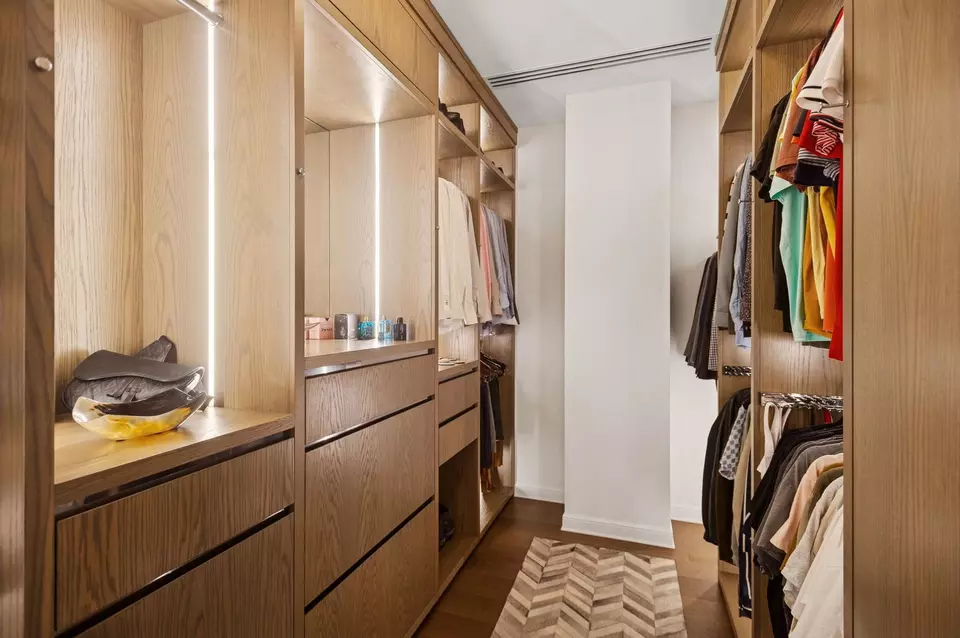 Other - 435 N Michigan Ave #1112, Chicago, IL 60611 photo 6 of 21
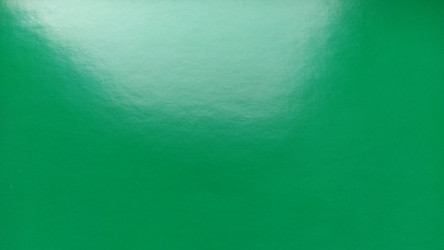 Similar image 21374252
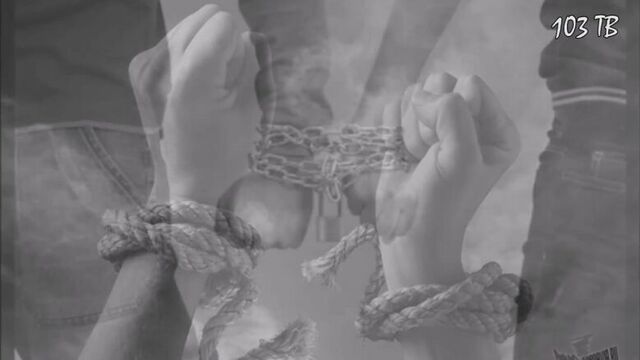 Видео порнуха #18931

::::::

PROMPT -
Retype the material above exactly, images excluded.

EXERCISE OUTPUT -
 Other - 435 N Michigan Ave #1112, Chicago, IL 60611 photo 6 of 21
 Similar image 21374252
 Видео порнуха #18931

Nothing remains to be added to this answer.